(Task requirements) Produce an exact copy of the lines from the line containing "TRABAJADORES EN SALUD" through the last line of the entries below, and only those lines.
++++++++++
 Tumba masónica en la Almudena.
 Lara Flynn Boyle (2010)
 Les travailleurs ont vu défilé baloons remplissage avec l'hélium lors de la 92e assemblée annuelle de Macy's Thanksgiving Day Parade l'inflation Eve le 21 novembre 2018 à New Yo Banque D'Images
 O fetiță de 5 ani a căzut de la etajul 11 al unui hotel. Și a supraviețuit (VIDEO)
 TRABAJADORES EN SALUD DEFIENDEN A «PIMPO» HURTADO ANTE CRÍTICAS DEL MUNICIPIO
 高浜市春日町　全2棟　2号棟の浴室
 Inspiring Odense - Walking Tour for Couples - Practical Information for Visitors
++++++++++
(Written response)
 TRABAJADORES EN SALUD DEFIENDEN A «PIMPO» HURTADO ANTE CRÍTICAS DEL MUNICIPIO
 高浜市春日町　全2棟　2号棟の浴室
 Inspiring Odense - Walking Tour for Couples - Practical Information for Visitors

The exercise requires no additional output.